= Harry Everington =

British sculptor

Harry Everington (21 February 1929 – 2000) was a British sculptor, the co-founder of the former Frink School of Figurative Sculpture based in the towns of Stoke-on-Trent (latterly Tunstall), Staffordshire.

==Life==
Everington was born on 21 February 1929 near Keighley in Yorkshire. He attended Roundhay School and then studied at Leeds College of Art and the Slade in London. Following National Service in the Royal Air Force he became a lecturer at Shrewsbury College of Art. In the mid-1960s he moved to Swansea College of Art, where he became head of the fine art and architecture departure. In the early 1970s he became Principal of Dyfed College of Art.
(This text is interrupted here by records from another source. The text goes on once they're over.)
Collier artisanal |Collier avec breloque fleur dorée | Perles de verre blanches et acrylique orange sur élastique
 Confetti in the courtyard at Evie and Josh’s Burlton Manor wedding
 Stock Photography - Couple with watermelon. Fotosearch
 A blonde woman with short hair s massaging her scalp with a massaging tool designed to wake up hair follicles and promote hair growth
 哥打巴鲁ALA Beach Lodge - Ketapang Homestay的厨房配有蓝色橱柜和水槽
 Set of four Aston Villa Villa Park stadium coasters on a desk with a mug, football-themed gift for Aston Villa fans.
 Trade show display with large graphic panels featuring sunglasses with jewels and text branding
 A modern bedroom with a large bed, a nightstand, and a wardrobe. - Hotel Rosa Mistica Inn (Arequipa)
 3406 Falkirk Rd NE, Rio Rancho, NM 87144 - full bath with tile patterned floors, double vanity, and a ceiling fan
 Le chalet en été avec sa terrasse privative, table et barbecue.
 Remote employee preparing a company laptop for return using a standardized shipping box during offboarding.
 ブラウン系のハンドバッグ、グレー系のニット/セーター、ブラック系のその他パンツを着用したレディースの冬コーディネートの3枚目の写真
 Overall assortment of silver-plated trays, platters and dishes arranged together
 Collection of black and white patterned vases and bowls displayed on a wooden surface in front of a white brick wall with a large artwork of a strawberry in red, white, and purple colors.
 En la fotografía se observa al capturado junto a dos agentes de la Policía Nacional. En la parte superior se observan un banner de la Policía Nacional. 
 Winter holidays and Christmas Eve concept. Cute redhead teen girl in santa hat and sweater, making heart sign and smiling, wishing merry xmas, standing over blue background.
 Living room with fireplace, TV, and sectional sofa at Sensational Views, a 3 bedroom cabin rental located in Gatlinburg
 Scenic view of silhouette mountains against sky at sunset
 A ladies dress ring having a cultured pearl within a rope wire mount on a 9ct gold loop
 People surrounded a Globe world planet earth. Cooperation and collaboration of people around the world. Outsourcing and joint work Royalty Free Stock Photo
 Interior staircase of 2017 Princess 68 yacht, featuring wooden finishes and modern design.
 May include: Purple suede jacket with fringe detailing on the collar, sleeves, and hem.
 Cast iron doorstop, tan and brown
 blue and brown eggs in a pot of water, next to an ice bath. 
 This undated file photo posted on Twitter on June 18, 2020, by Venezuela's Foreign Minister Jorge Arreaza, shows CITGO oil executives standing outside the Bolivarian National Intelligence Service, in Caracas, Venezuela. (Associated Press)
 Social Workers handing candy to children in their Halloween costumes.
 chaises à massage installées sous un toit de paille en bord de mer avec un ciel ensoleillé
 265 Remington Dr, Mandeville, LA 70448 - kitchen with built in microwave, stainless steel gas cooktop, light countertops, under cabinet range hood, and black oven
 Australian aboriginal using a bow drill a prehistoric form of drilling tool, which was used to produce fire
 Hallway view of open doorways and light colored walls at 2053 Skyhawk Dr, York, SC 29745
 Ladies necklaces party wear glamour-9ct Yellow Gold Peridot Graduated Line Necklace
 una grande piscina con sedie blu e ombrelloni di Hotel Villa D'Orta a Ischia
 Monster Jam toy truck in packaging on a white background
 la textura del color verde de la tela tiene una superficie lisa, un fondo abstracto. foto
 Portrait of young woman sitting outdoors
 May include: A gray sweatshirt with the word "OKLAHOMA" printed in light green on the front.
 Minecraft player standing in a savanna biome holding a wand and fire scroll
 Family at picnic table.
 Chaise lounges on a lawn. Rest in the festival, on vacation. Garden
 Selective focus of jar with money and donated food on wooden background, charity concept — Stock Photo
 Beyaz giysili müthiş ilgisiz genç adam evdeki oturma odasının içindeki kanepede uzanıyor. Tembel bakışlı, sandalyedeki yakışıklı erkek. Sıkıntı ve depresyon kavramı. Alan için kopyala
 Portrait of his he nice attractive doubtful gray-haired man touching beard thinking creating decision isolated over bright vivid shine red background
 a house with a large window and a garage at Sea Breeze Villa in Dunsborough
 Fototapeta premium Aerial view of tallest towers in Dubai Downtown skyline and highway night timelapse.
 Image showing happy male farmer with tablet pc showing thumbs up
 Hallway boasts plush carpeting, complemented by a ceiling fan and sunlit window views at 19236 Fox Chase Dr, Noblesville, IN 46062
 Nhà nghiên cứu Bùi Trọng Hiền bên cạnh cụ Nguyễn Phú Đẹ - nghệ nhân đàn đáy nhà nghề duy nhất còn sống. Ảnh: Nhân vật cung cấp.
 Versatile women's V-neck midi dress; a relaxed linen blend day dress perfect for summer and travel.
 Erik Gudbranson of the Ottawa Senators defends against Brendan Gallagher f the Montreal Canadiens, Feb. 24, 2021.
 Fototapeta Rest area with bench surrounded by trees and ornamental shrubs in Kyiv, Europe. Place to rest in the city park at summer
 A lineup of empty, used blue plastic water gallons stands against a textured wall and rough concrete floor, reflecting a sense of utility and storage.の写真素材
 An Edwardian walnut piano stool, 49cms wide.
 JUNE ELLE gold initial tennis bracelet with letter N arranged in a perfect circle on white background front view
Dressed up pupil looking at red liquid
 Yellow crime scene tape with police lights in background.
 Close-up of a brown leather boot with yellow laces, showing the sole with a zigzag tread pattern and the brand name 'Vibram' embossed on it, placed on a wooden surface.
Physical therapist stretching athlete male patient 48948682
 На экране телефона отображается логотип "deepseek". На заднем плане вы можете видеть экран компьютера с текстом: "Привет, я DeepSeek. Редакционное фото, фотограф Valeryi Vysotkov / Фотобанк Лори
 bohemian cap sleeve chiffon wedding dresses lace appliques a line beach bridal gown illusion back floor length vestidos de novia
Following his resigning from Dyfed College he moved to the Stoke-on-Trent, where he concentrated on his own sculptures, working in limestone, wood, clay and steel. At the age of 60 he enrolled as a student at the Sir Henry Doulton School of Art. In the late 1980s Harry established the sculpture studio "Woodstringthistlefoss" at Longnor in the Staffordshire Moorlands. Following the closure of the Sir Henry Doulton School of Art in 1993, Everington, and Rosemary Barnett, the former head of the Doulton School, set up the Frink School (named after Dame Elisabeth Frink). It opened in 1996.

Simon Everington, a British sculptor living in Japan, is his youngest son.

==Public works==
- The work Under Sail is in the central courtyard of the Maternity/Paediatric Building of St Richard's Hospital, Chichester, West Sussex.
- A sculpture of Saint Bertram in the church in Longnor, Staffordshire Moorlands.
- The Jerwood Foundation purchased Everington's bronze The Crusader for the Jerwood Sculpture Park, Ragley Hall in 2000, where it was installed a few days before his death. Everington described the work, conceived in 1992, as representing "the ancient idealist charging his winded horse into the brick wall of contemporary life". It remained at Ragley until 2012, when the foundation sold it at auction through Sotheby's.